Just as a follow up to my own note, Stephan, already provided a list of existing RFEs from which to vote through the IBM RFE site, cheers, -Bryan

From: gpfsug-discuss-bounces at spectrumscale.org <gpfsug-discuss-bounces at spectrumscale.org> On Behalf Of Bryan Banister
Sent: Friday, August 10, 2018 10:51 AM
To: gpfsug main discussion list <gpfsug-discuss at spectrumscale.org>
Subject: Re: [gpfsug-discuss] GPFS Independent Fileset Limit

Note: External Email
________________________________
This is definitely a great candidate for a RFE, if one does not already exist.

Not to try and contradict by friend Olaf here, but I have been talking a lot with those internal to IBM, and the PMR process is for finding and correcting operational problems with the code level you are running, and closing out the PMR as quickly as possible.  PMRs are not the vehicle for getting substantive changes and enhancements made to the product in general, which the RFE process is really the main way to do this.

I just got off a call with Kristie and Carl about the RFE process and those on the list may know that we are working to improve this overall process.  More will be sent out about this in the near future!!  So I thought I would chime in on this discussion here to hopefully help us understand how important the RFE (admittedly currently got great) process really is and will be a great way to work together on these common goals and needs for the product we rely so heavily upon!

Cheers!!
-Bryan

From: gpfsug-discuss-bounces at spectrumscale.org<mailto:gpfsug-discuss-bounces at spectrumscale.org> <gpfsug-discuss-bounces at spectrumscale.org<mailto:gpfsug-discuss-bounces at spectrumscale.org>> On Behalf Of Peinkofer, Stephan
Sent: Friday, August 10, 2018 10:40 AM
To: gpfsug main discussion list <gpfsug-discuss at spectrumscale.org<mailto:gpfsug-discuss at spectrumscale.org>>
Subject: Re: [gpfsug-discuss] GPFS Independent Fileset Limit

Note: External Email
________________________________

Dear Olaf,



I know that this is "just" a "support" limit. However Sven some day on a UG meeting in Ehningen told me that there is more to this than just

adjusting your QA qualification tests since the way it is implemented today does not really scale ;).

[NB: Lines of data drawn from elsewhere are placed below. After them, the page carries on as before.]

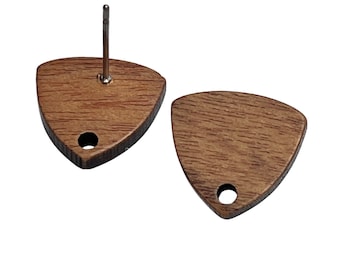 Choose Quantity Walnut Wood Wooden Stud Stainless Steel Post Rounded Triangle Earrings w/ Earring Backs Connector Loop Holes DIY Earrings
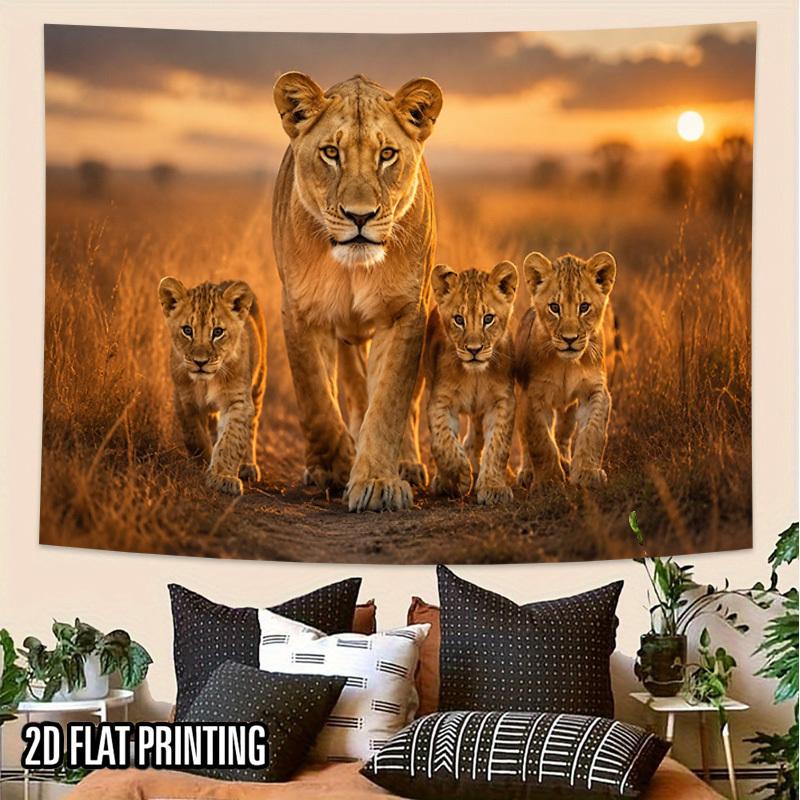 2D Flat - 2D Flat - 2D Flat Print 1pc Tapestry Lioness with Cubs Sunset Safari Wall Hanging, Wild Nature Home Decor Background Cloth Wall Decor, Wall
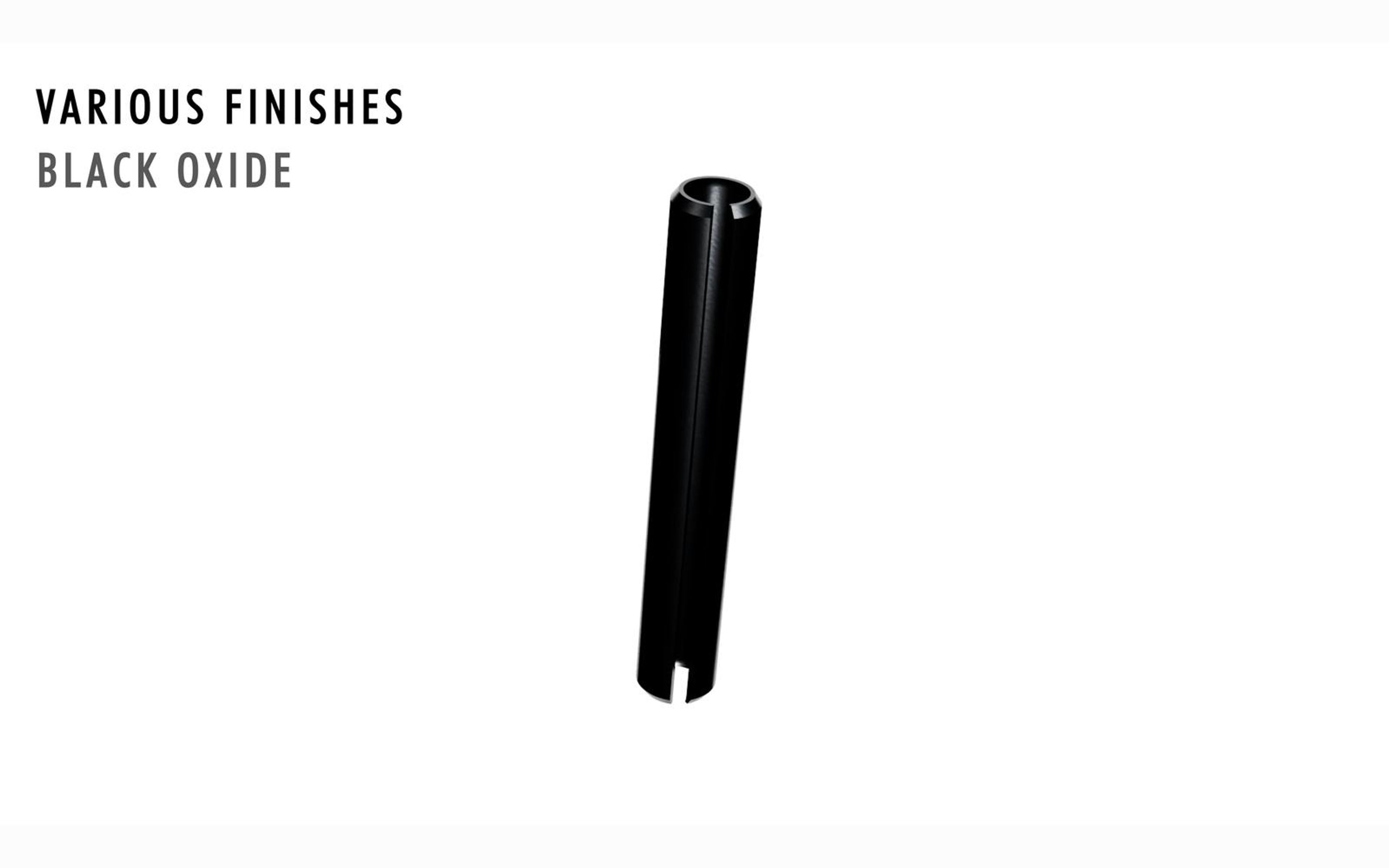 Black oxide roll pin under a finishes title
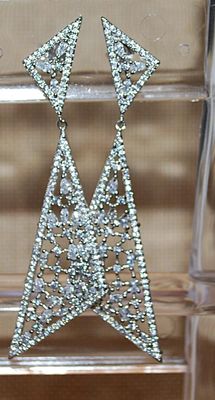Brilliant Stones Double Triangle Dangle Earrings Set (2½") with a Stud Style Clasp
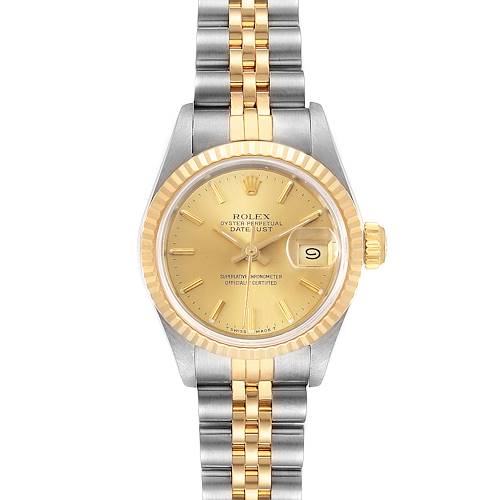 This image shows a front view of a Rolex Datejust 69173 Women's Steel and Gold (two tone) Champagne Dial 69173 Women's Steel and Gold (two tone) Champagne Dial watch with a two-tone bracelet and a gold dial.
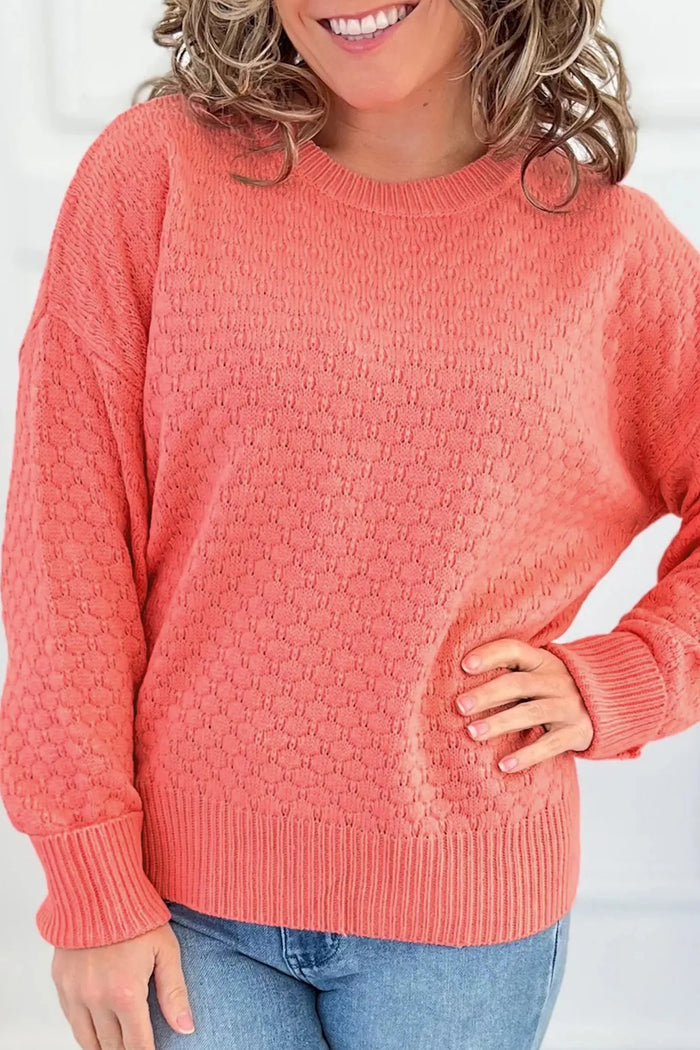 Breathable Patterned Knit Drop Shoulder Pullover Sweater – Coral Paradise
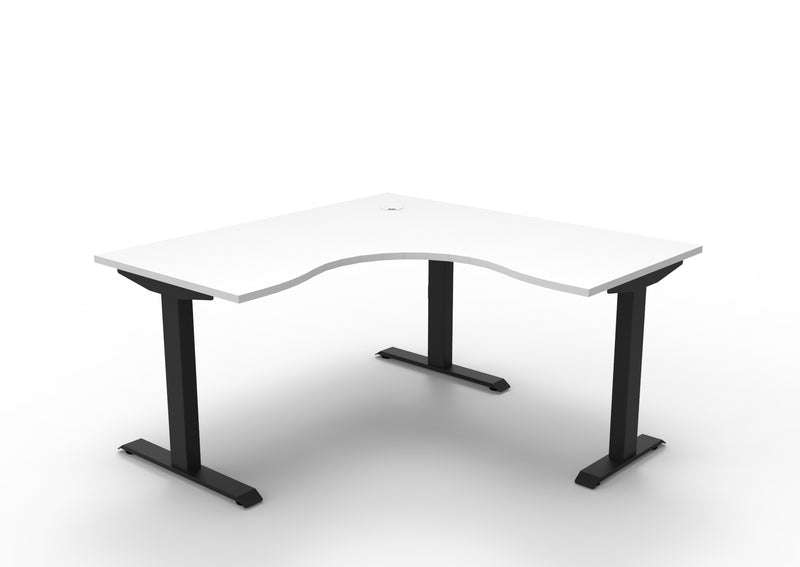 Rapidline Boost Static fixed height corner workstation, E0 rated Natural White top on a black satin powdercoated frame. Supplied product image for model SBCNR1P1515 NW/BL. View 1.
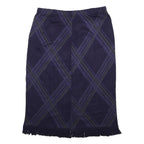NINA LEONARD Womens Blue Pencil Knee Length Acrylic Blend Checked Skirt L Fringe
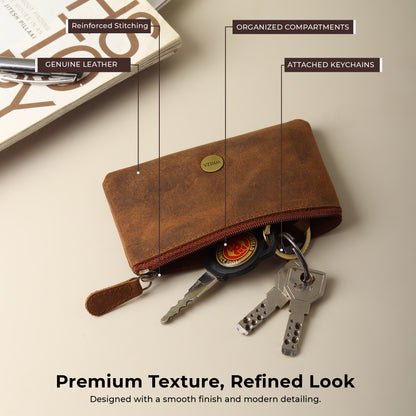 WRIZA Premium Handcrafted Genuine Leather Key Pouch with Zipper & Metallic Ring | Slim Keychain Case for Men & Women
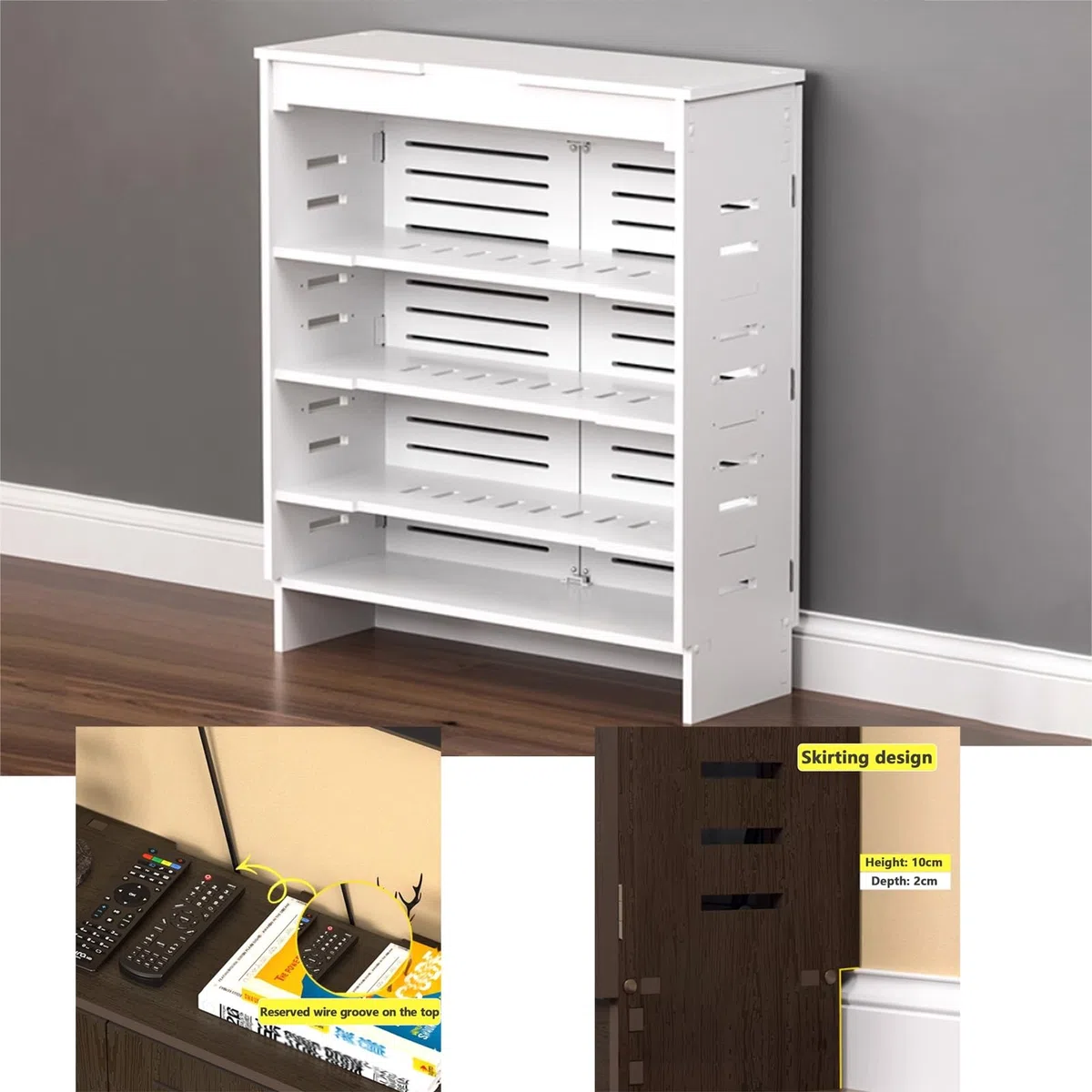 Nizer, router WiFi adiubile, per armadietto, cavo e ciabatta, per soggiorno e camera da letto, marrone (50 cm x 80 cm x 24,9 cm)
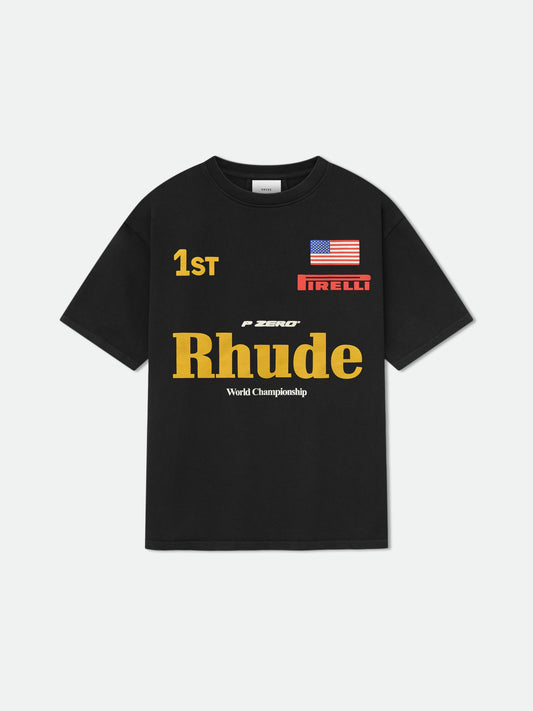 RHUDE WORLD CHAMP TEE - VTG BLACK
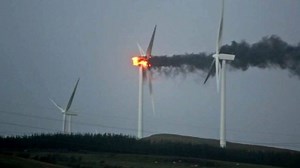 Storm caused wind turbine fire
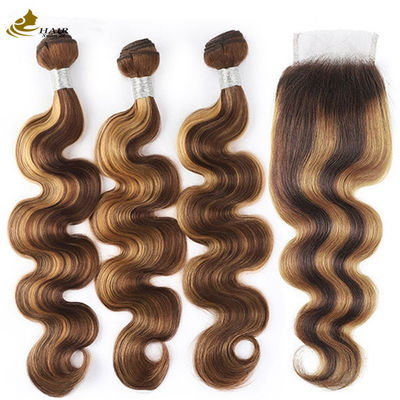 Piano 4/27 Extensões de cabelo Ombra colorida Cabelo humano Corpo onda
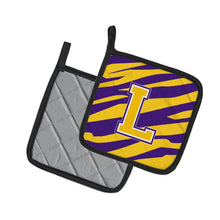 Load image into Gallery viewer, Letter L Monogram - Tiger Stripe - Purple Gold Pot Holders - Set of 2 - Heat-Resistant Kitchen Essentials CJ1022-LPTHD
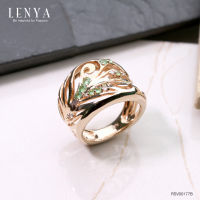 Lenya jewelry แหวนพลอย ซาโวไรท์(Tsavorite) และ คิวบิกเซอร์โคเนีย (Cubic Zirconia) ตัวเรือนเงินแท้ 925 ชุบทองพิ้งค์โกลด์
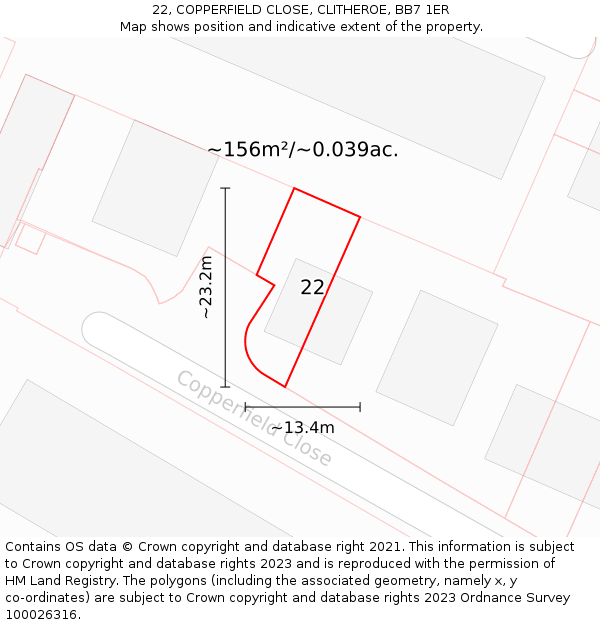 22, COPPERFIELD CLOSE, CLITHEROE, BB7 1ER: Plot and title map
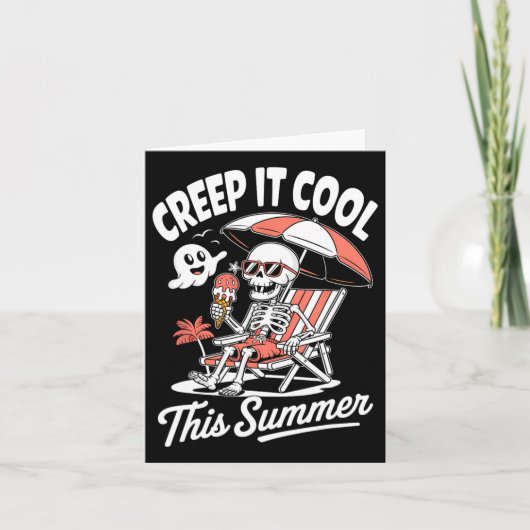Carte Cute Summerween Ghost Funny Beach Halloween (Devant)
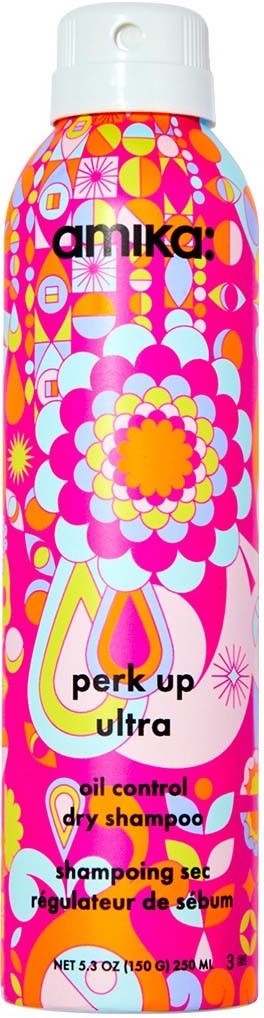 Colorful bottle with floral and geometric patterns, labeled as dry shampoo with oil control. Brand name is Amika.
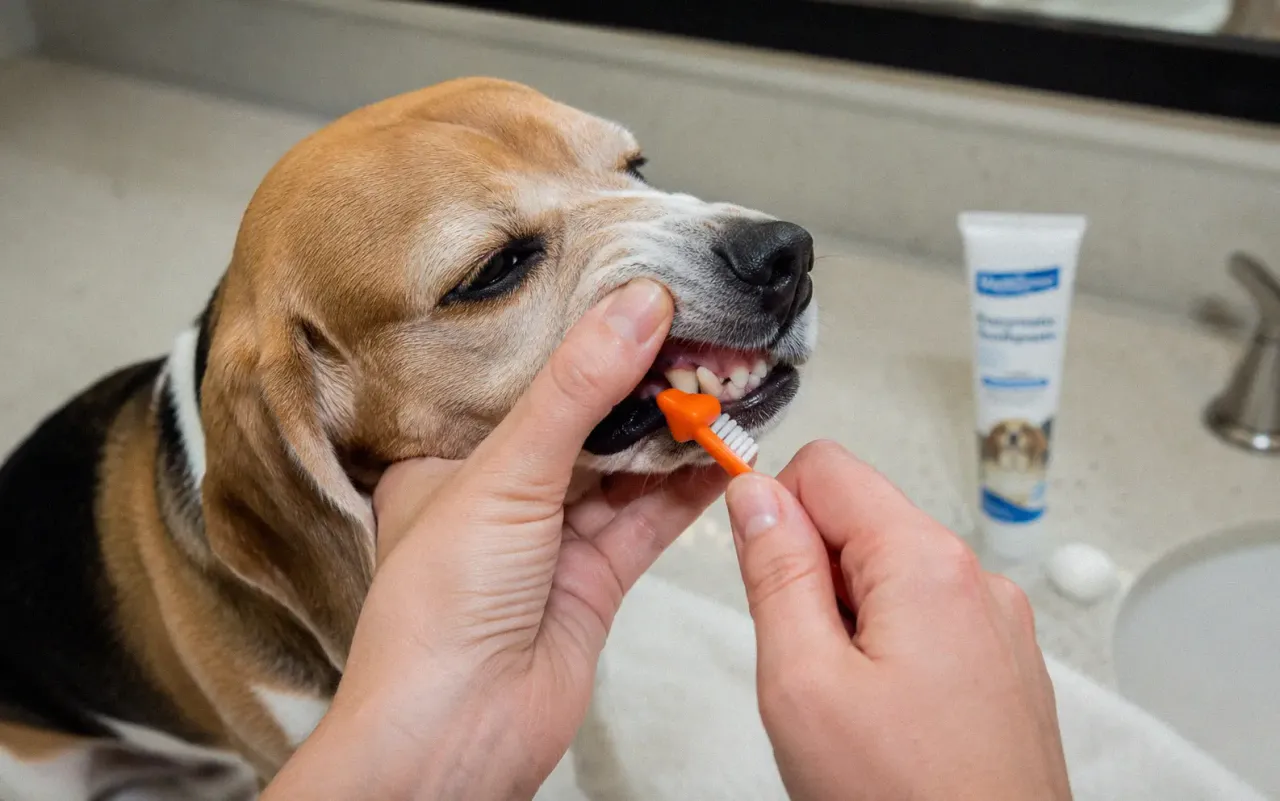 Close-up of a dog getting its teeth brushed with a finger brush by its owner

That's probably the reason why you said you see sometimes problems when you are not even close to the limit.



So if you look at the 250PB Alpine file system of Summit today, that is what's going to deployed at more than one site world wide in 2-4 years and

imho independent filesets are a great way to make this large systems much more handy while still maintaining a unified namespace.

So I really think it would be beneficial if the architectural limit that prevents scaling the number of independent filesets could be removed at all.


Best Regards,
Stephan Peinkofer
________________________________
From: gpfsug-discuss-bounces at spectrumscale.org<mailto:gpfsug-discuss-bounces at spectrumscale.org> <gpfsug-discuss-bounces at spectrumscale.org<mailto:gpfsug-discuss-bounces at spectrumscale.org>> on behalf of Olaf Weiser <olaf.weiser at de.ibm.com<mailto:olaf.weiser at de.ibm.com>>
Sent: Friday, August 10, 2018 2:51 PM
To: gpfsug main discussion list
Cc: gpfsug-discuss-bounces at spectrumscale.org<mailto:gpfsug-discuss-bounces at spectrumscale.org>; Doris Franke; Uwe Tron; Dorian Krause
Subject: Re: [gpfsug-discuss] GPFS Independent Fileset Limit

Hallo Stephan,
the limit is not a hard coded limit  - technically spoken, you can raise it easily.
But as always, it is a question of test 'n support ..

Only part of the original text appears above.